In conclusione, i cristiani hanno l'obbligo di leggere la storia da una prospettiva teocentrica e cristiana. E' lo stesso approccio alla storia che l'apostolo Paolo usa per discutere con gli eruditi di Atene in Atti 17. Paolo predica un Dio trascendente e sovrano, Creatore e sostenitore di ogni cosa attraverso la Sua provvidenza (v. 24ss). Mette in rilievo la creazione, notando come Dio abbia tratto gli uomini da uno solo o „da un sangue“ (v. 26a). Mette in evidenza come Dio determini sia storia che geografia, notando che Dio: „ha tratto da uno solo tutte le nazioni degli uomini perché abitino su tutta la faccia della terra, avendo determinato le epoche loro assegnate, e i confini della loro abitazione“ (26). Paolo nota come Iddio muova la storia verso una conclusione fissa, specificatamente verso il grande giorno del giudizio (v. 31). Egli pure dà importanza cruciale alla risurrezione di Cristo, elemento critico della proclamazione dell'Evangelo, cosa sgradita agli ateniesi. Il punto culminante del messaggio, però, è al vers. 30, dove Paolo proclama: „Dio dunque, passando sopra i tempi dell'ignoranza, ora comanda agli uomini che tutti, in ogni luogo, si ravvedano“.

Per Paolo, allora, in Atti 17, la storia aveva un significato vitale. Sebbene si rivolgesse ad un uditorio ostile, egli presentò loro una lettura teocentrica ed evangelistica della storia. La storia rammenta loro la creazione da parte di Dio, dimostra il Suo sovrano controllo sulle nazioni, sottolinea l'importanza del Cristo risorto, ammonisced gli uditori del prossimo giorno del giudizio, mette in rilievo come sia necessario il ravvedimento e la responsabilizzazione.

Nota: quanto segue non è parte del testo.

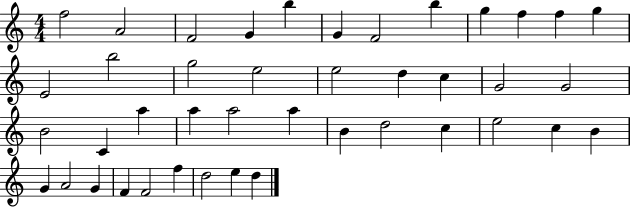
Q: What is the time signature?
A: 4/4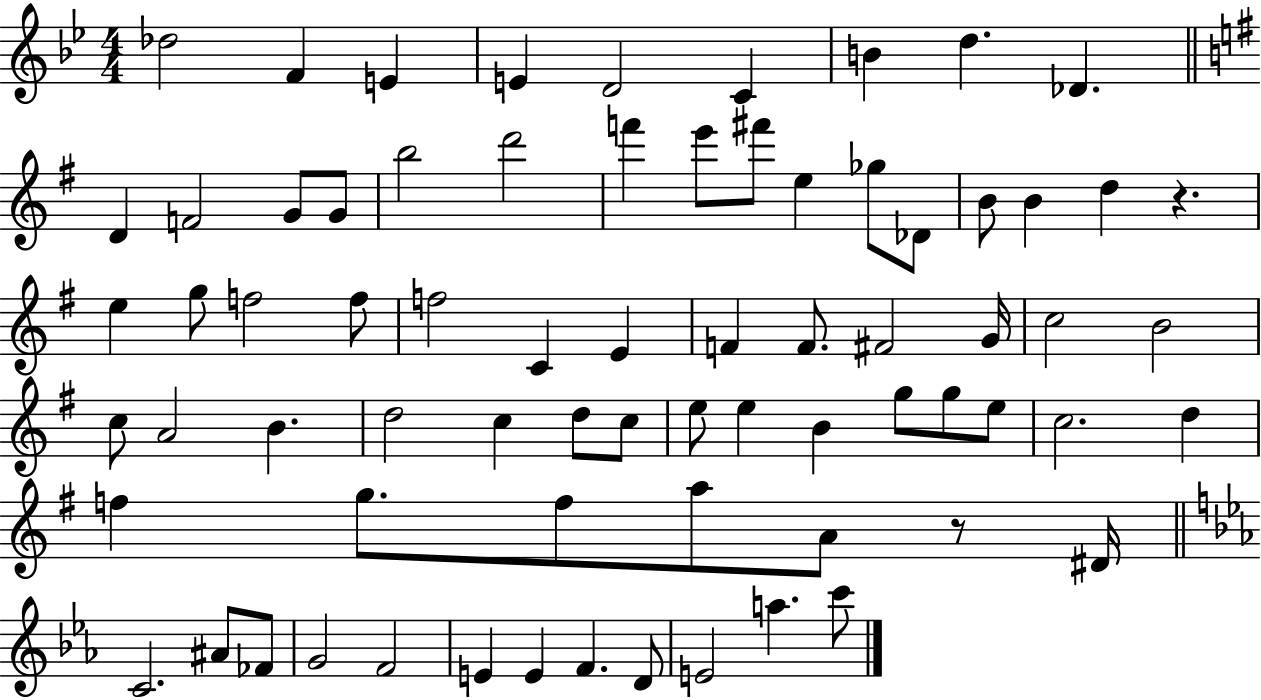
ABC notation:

X:1
T:Untitled
M:4/4
L:1/4
K:Bb
_d2 F E E D2 C B d _D D F2 G/2 G/2 b2 d'2 f' e'/2 ^f'/2 e _g/2 _D/2 B/2 B d z e g/2 f2 f/2 f2 C E F F/2 ^F2 G/4 c2 B2 c/2 A2 B d2 c d/2 c/2 e/2 e B g/2 g/2 e/2 c2 d f g/2 f/2 a/2 A/2 z/2 ^D/4 C2 ^A/2 _F/2 G2 F2 E E F D/2 E2 a c'/2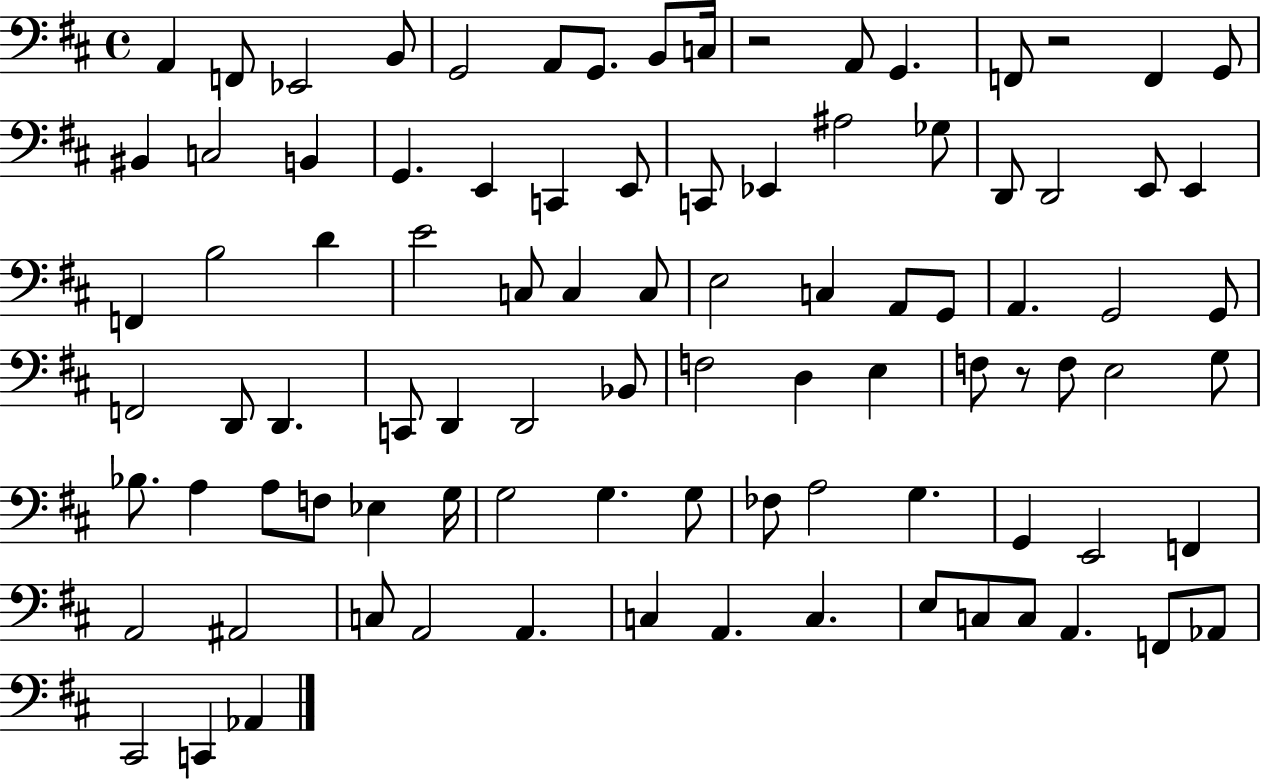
{
  \clef bass
  \time 4/4
  \defaultTimeSignature
  \key d \major
  a,4 f,8 ees,2 b,8 | g,2 a,8 g,8. b,8 c16 | r2 a,8 g,4. | f,8 r2 f,4 g,8 | \break bis,4 c2 b,4 | g,4. e,4 c,4 e,8 | c,8 ees,4 ais2 ges8 | d,8 d,2 e,8 e,4 | \break f,4 b2 d'4 | e'2 c8 c4 c8 | e2 c4 a,8 g,8 | a,4. g,2 g,8 | \break f,2 d,8 d,4. | c,8 d,4 d,2 bes,8 | f2 d4 e4 | f8 r8 f8 e2 g8 | \break bes8. a4 a8 f8 ees4 g16 | g2 g4. g8 | fes8 a2 g4. | g,4 e,2 f,4 | \break a,2 ais,2 | c8 a,2 a,4. | c4 a,4. c4. | e8 c8 c8 a,4. f,8 aes,8 | \break cis,2 c,4 aes,4 | \bar "|."
}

Coloro che sfidano Dio e negano la Sua presenza nella storia, sono lasciati nella loro vacuità. Sono come degli „idioti farfuglianti“ in „un universo pieno di nulla“. I cristiani, però, hanno grandi responsabilità nello studiare il passato. La storia ha sigmificato. Il suo corso fu determinato da Dio per i Suoi propositi e per la Sua gloria. Attraverso di essa Iddio governa le nazioni, e in essa Egli ha mandato Suo Figlio per essere il nostro Salvatore.

(Roger Schutz, decano della facoltà di storia alla Liberty University di Lynchburg, Virginia, USA. Articolo pubblicato in inglese su: Chalcedon Report, n. 446, novembre 2002, p. 12).